[Toybox] PM: code style, was: Re: New Subscriber

Wed Feb 8 09:59:43 PST 2012

On 02/08/2012 02:00 AM, Frank Bergmann wrote:
> Hi.
> 
> On Tue, Feb 07, 2012 at 07:26:22PM -0600, Rob Landley wrote:
>> But in this case, I plan to continue using the printf() family because
>> doing without it wouldn't actually simplify the code, I'd just wind up
>> writing something just as bad.
> 
> In this case you may use more control to use printf as desired. I'd
> made a clone pf toybox and busybox and issued one command to compare:
> 
> $ grep -r setvbuf busybox|wc -l
> 9
> $ grep -r setvbuf toybox-cloned-1328632507|wc -l
> 0

I have no idea what that means.  I pulled up the man page on setvbuf and
it says to me "micromanaging the behavior of stdio", which there's could
be a reason for but it wouldn't be my first choice.  However, a
defconfig busybox is 348 commands last time I checked, and defconfig
toybox is 45.  It's quite possible some of those busybox commands
legitimately need to do setvbuf, dunno.

(You have to define boundaries for your project. Beyond this point is
Somebody Else's Problem. I'd rather not have "libc's stdio sucks" on my
sideof that line just now.  Ask Dmitriy. :)

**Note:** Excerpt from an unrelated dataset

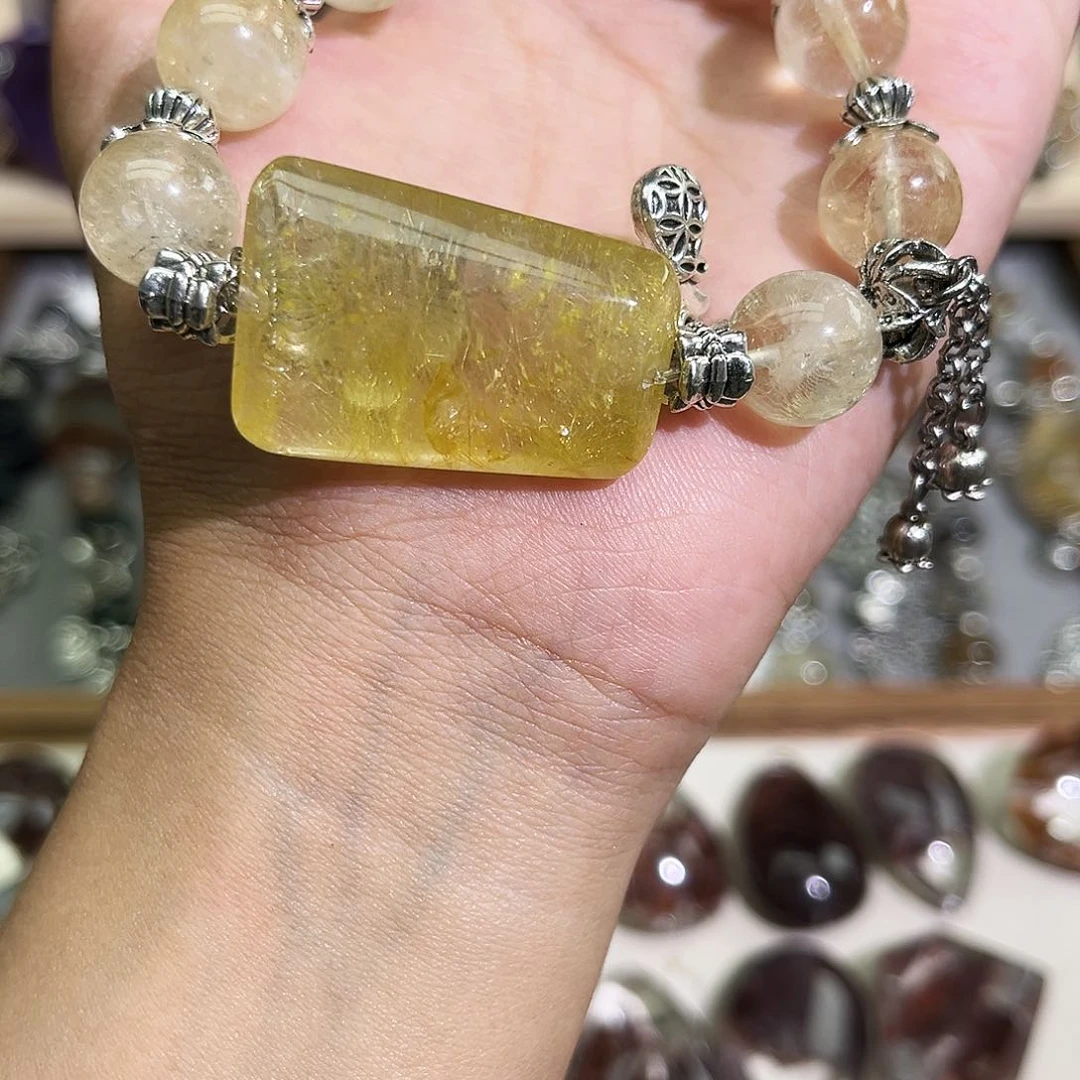 水晶手链合金✨*儿手串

>> C and string handling are not a good mix.  String handling is the thing
>> C is weakest at, because string handling actually turns out to be a hard
>> problem to get right at the hardware level.
> 
> We all know that C actually doesn't know anything about "strings". ;-)
> Writing "bigger" software it *may* be worth implementing strings as a
> class in C (er... struct) like Wietse Venema does. But this means to
> rewrite all code.

And it means teach all your developers about the new semantics as a
condition of them contributing to your program, which is a big cost.
I've got enough of that already, and I'm explicitly leveraging the large
pool of existing knowledge of things like Kconfig syntax so the actual
cost isn't quite as high as it could be.

I want to make the code easy to _read_, which means I've got to be good
enough to make it look easy.  I regularly fail at this, but am trying...

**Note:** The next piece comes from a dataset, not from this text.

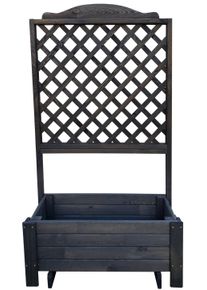 Spalier Promadino "Romantica", grau (anthrazit), B:80cm H:140cm T:41cm, Holzwerkstoff, Rankhilfen, Spalier, aus impr&auml;gniertem und FSC-zertifiziertem Kiefernholz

P.S. According to Joel Spolsky, the history of C++ Standard Template
Library (and C++ template support in general) can be explained by a long
protracted fight with "making strings work". Every change is due to yet
another way they found their String class du jour was broken.  It's
still broken.

>> Yeah, but after 40 years of being grandfathered in, it's still useful
>> enough to stick around.
> 
> Yeah, but 99% of software out in the wild breaks the basic rules KISS and
> YAGNI and introduce (sometimes many) bugs and holes with this.

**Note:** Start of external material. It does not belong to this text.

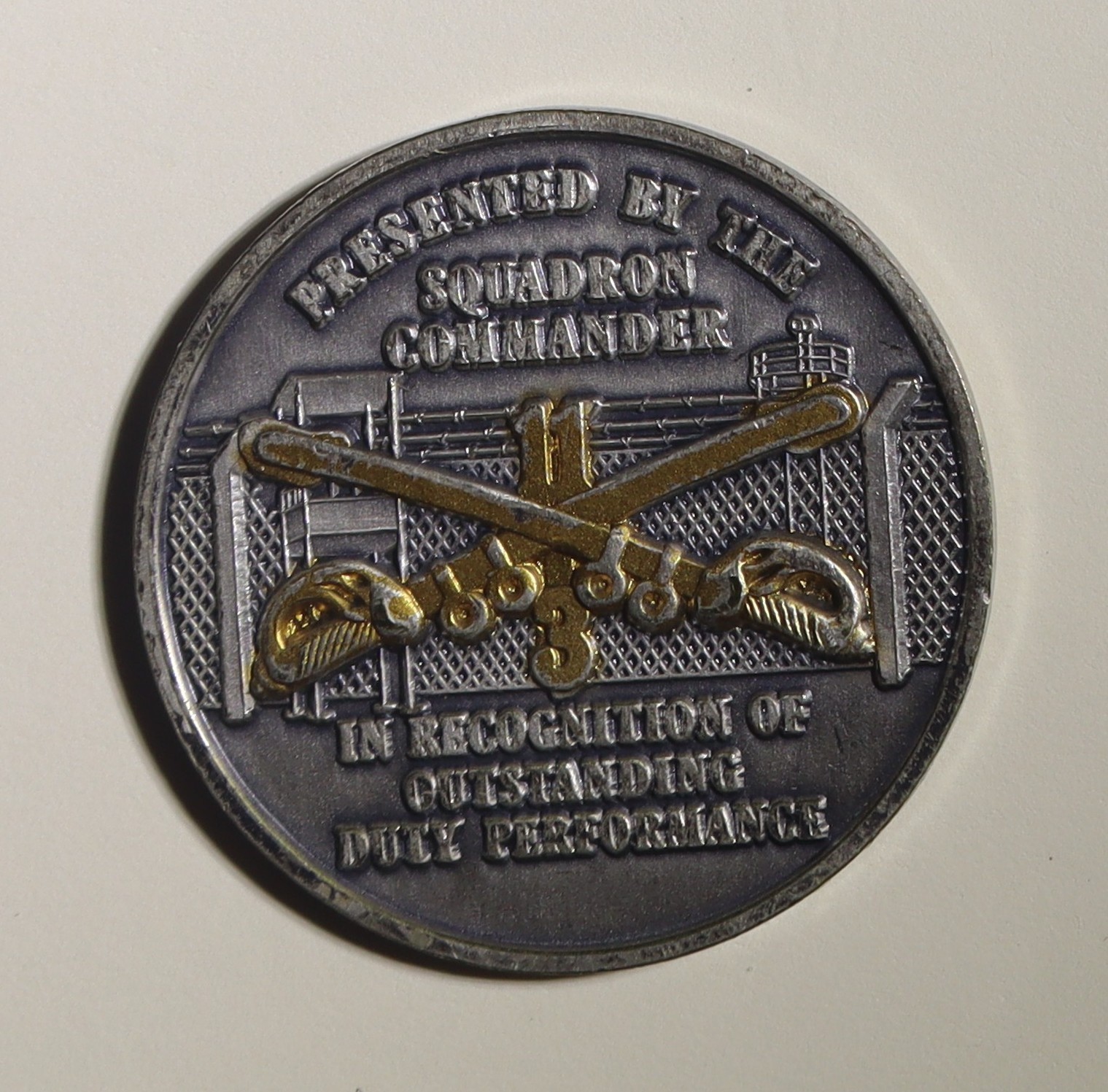 Commander 11th Armored Cavalry 3rd Squadron Army Challenge Coin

Sturgeon's Law is universal.

>> I run things under strace rather a lot, but even if it boiled down to
>> doing a for() loop around write(1, &char, 1) I'd tell you to fix your
>> libc rather than  change what I was doing.
> 
> OK, this self-written printf-implementation you are stracing is not very
> well optimized. ;-)

lib/libc.c get_line() which I have a pending question about which I hope
to answer this evening.  (No time right now...)

>> I'm not that interested in micromanaging something that most likely
>> stays in L1 cache either way.
> 
> Hmmm... if your code fits in L1-cache right before doing a sysenter then
> the cache will be dirty when doing the call of sysenter, isn't it?

What do you mean "dirty"?

The Linux kernel has a hugepage TLB entry covering the whole kernel
executable code, which is permanently there, which is one reason going
into the kernel is so cheap on Linux: no page table tree walk to switch
between kernel/user space, thanks to the pinned kernel TLB entries.
(Yeah,that leaves less for userspace but it's a good tradeoff.)  Yeah,
you flip permission bits in those entries but that's cheap.  Note that
doing this is why you have the 2G/2G split on 32 bit systems: the
kernel's virtual address space is always mapped when you're in user
space, it's just inaccessable permission-wise.  So you can run out of
virtual address space (or have to go to "high memory" which the kernel
has to create a temporary mapping for in order to access it), but it
makes system calls really cheap.

The actual cache lines faulted in are another matter, but if you make a
lot of syscalls at least the entry point tends to stay in L1, and beyond
that it's no different than function calls.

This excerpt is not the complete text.